Along with many technology pioneers that include Facebook founder Mark Zuckerberg and Google co-founder Sergey Brin, the Russian billionaire Yuri Milner created The Breakthrough Prizes for scientific achievements.

According to a news report on Business Insider, a team of experts from the Laser Interferometer Gravitational-Wave Observatory (LIGO) announced in February that the tiny ripples in space and time, which Einstein first theorized a century ago, had been measured by a pair of giant laser detectors, capping a decades-long quest.

Forming part of his seminal theory of general relativity, Einstein had theorized these gravitational waves, showing gravity as distortions in both time and space caused by bodies of matter.

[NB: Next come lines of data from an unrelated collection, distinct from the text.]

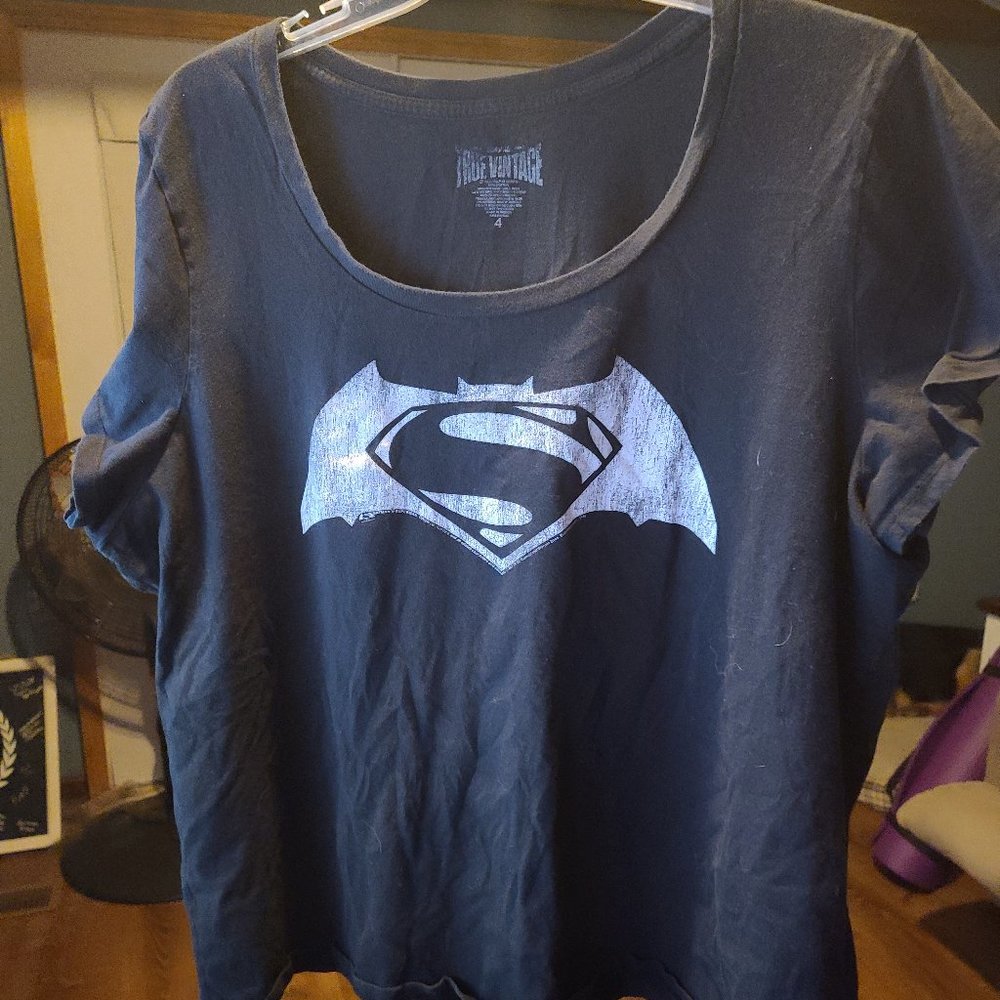 Torrid black t shirt batman vs superman size 4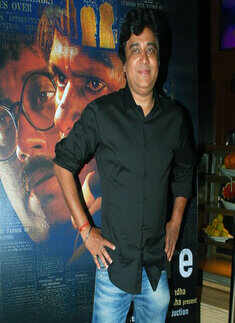 Kya Dilli Kya Lahore: Premiere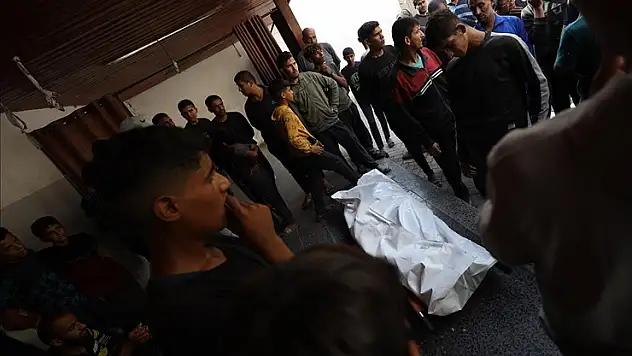 Cenevre Akademisi, İsrail'in Gazze'ye saldırılarında ölü sayısının 200 bini geçtiğini düşünüyor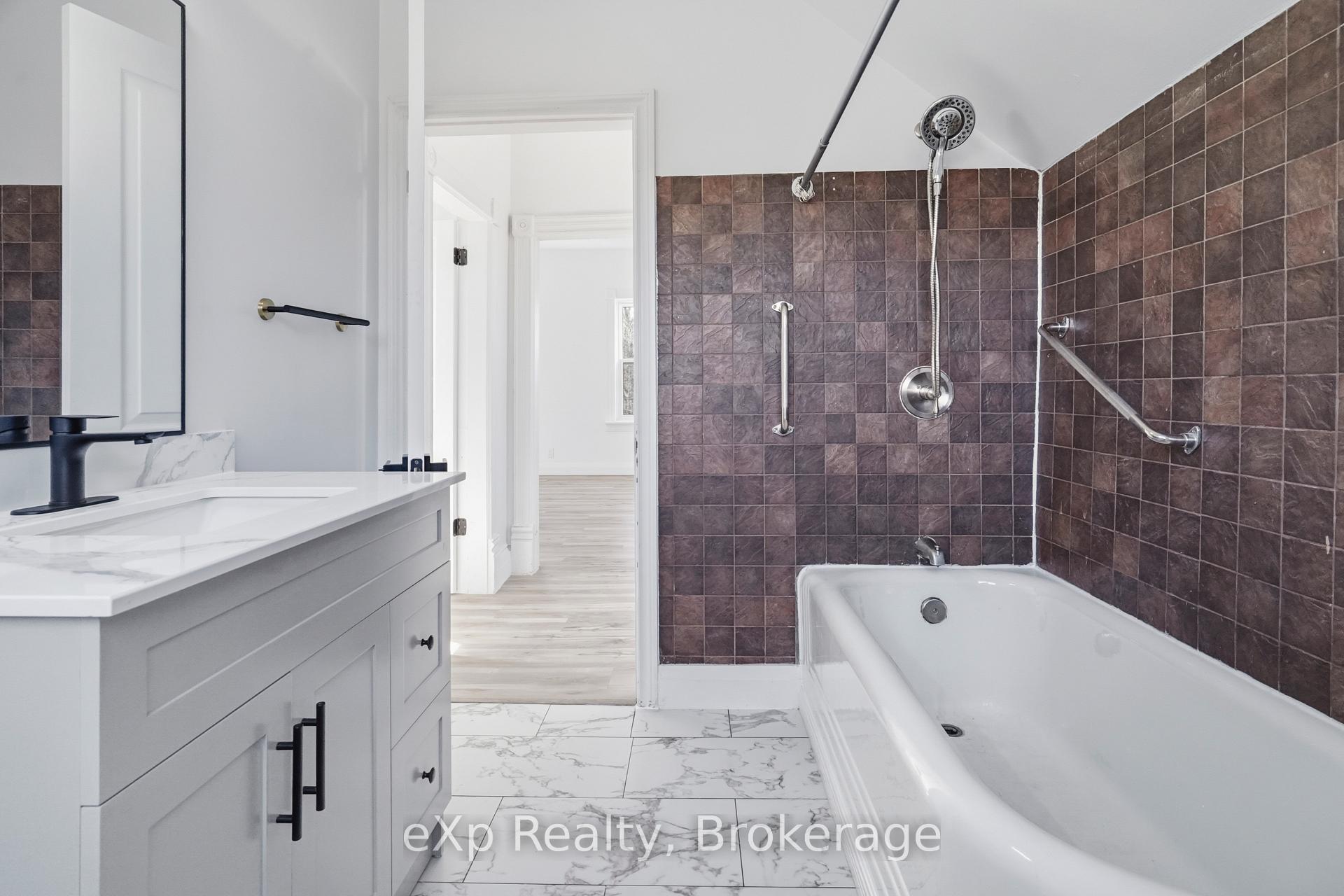 Photo 36 of 192 William Street W, North Middlesex, Parkhill — HOMEH
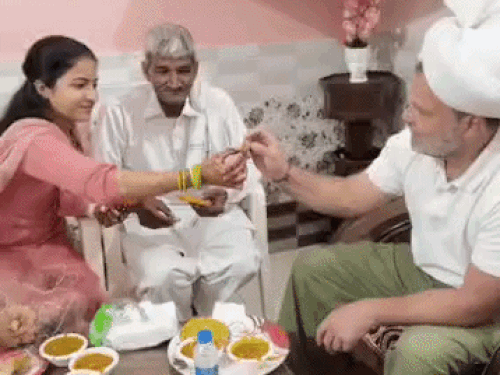 तनु ने राहुल गांधी को जलेबी खिलाई
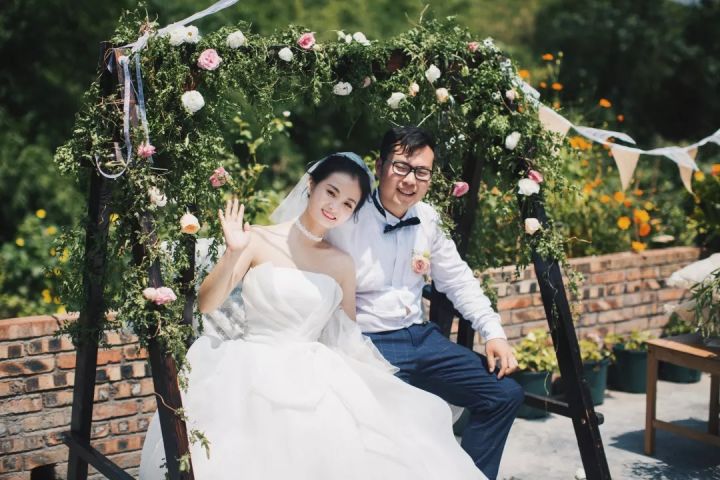 婚礼场地小怎么布置_农村婚礼场地布置_婚礼场地怎么布置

Rainer Weiss, Kip Thorne and Ronald Drever, LIGO's three founders, dedicated much of their careers to gravitational wave detection. Finally reaping the fruits of their labor, the three will share $1 million, and the $2 million will be split equally to over 1,000 contributors to the project as cited on Reuters.

"That's much more modern and much more the way that physics gets done. You can't credit just the three of us for this," said Rainer Weiss, who is a professor emeritus at the Massachusetts Institute of Technology.

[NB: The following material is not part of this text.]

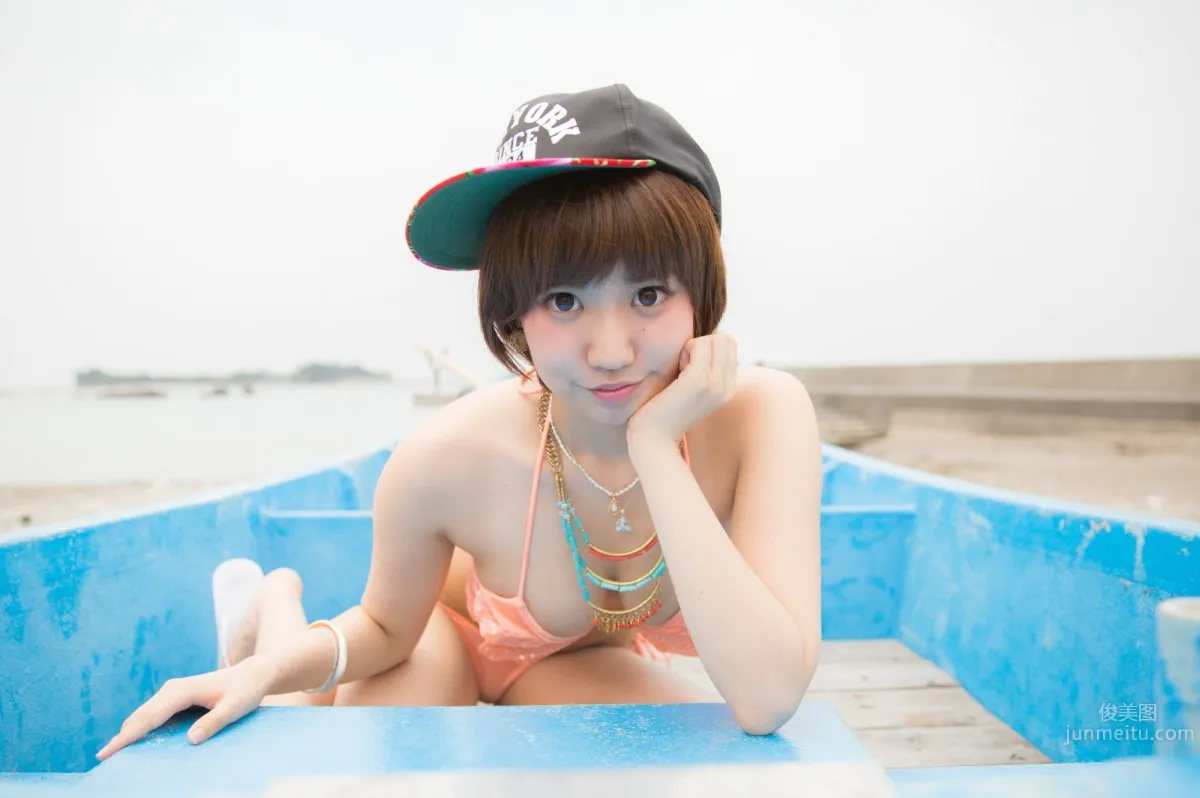 里美黎- 短发美少女户外写真_1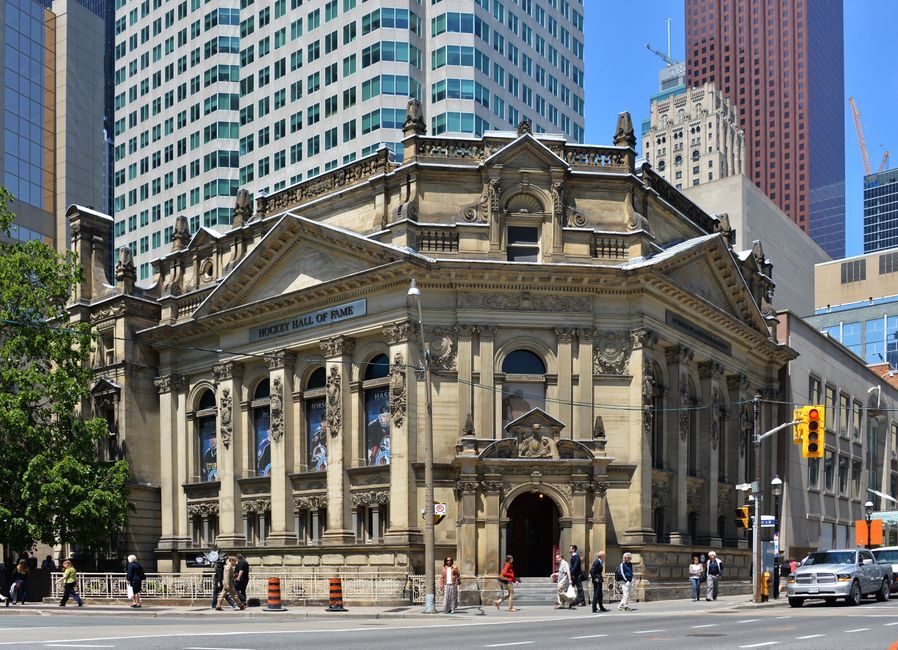 L'immagine mostra un edificio storico con elementi architettonici nel centro della città.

The collision of two black holes created the gravitational waves according to researchers. These two black holes, which according to Einstein's theory are extraordinarily dense objects, having mass many times the mass of the sun, were approximately located 1.3 billion light years from Earth. These gravitational waves, the researchers believed, lead us to a new understanding about the cosmos.  

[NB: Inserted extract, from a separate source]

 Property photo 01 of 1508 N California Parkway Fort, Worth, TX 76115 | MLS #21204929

"For us to spend basically a half-century since the three of us started working in this field, to have it actually be pulled off successfully in the manner we dreamed - it was really remarkable and wonderful. I'm forever grateful to the team that got it done," said Kip Thorne, who is retired from the California Institute of Technology.

They will be awarded at a December ceremony along with the regular annual awards for physics, life sciences and mathematics. The Special Breakthrough Prize (SBP) can actually be conferred at any time to mark "an extraordinary scientific achievement."

A prominent physicist, Edward Witten, believed that the discovery's magnitude warranted instant recognition. Witten is prominent physicist who heads the physics prize selection committee.  "There are a lot of basic things about Einstein's theory of relativity that seemed like science fiction when I was a student," he said. "This is the first time we've seen the full force of Einstein's theory of gravity at work," Witten added.